Overall, TV production was down 3.4 percent for the year, although fourth quarter TV totals were up 11.9 percent because of an increase in on-location TV sitcom production.
“We know that part of the decline in our TV Drama figures stems from producers’ desire to cut costs by filming more on studio back-lots and soundstages,” Paul Audley, FilmL.A.’s president, said in a statement. “Unfortunately, last year we also saw a record number of new TV drama series shot out of state, resulting in negative economic consequences.”
There were a couple bright spots for the industry. For instance, the commercials category increased 14.1 percent for the year and on-location feature production increased 3.7 percent for 2012—the most film production the Los Angeles area has seen in four years. Overall on-location production was up 4.7 percent from the previous year, 46,254 permitted production days (PPD) in 2012 versus 45,484 in 2011. Still, that figure remains below levels seen prior to 2009.

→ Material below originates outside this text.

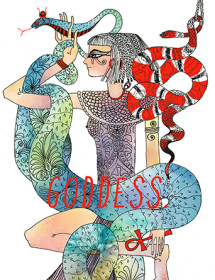 Egypt Goddess is girl-power goodness. Hail your deity with snake-charmer style on any occasion when her power must be noted with this card by Masha D'yans.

That was the year the state introduced the California Film and Television Tax Credit program, the $100-million-a-year incentive program that was recently extended by lawmakers to July 2017. FilmL.A. noted it has been successful in luring projects to the Los Angeles region. State-qualified feature projects, which include the forthcoming “Gangster Squad” and “The Hive” among others, generated 347 PPD last year: 5.9 percent of the annual total. Other projects driving a significant amount of Los Angeles-area feature activity in 2012 included “Bad Words” and J.J. Abrams’ “Star Trek into Darkness.”
Meanwhile, state-qualified television projects, which include MTV’s “Teen Wolf” and TNT”s “Rizzoli and Isles,” generated 276 PPD last year, just 1.6 percent of the annual total.
Audley said the state needs to continue to search for ways to incentivize California-based production.
“Last year saw our industry rocked by dramatic changes in the local production landscape,” Audley stated. “If we seek a more secure future for filming in Los Angeles, we must continue to innovate and expand upon the programs proven to attract new projects to California.”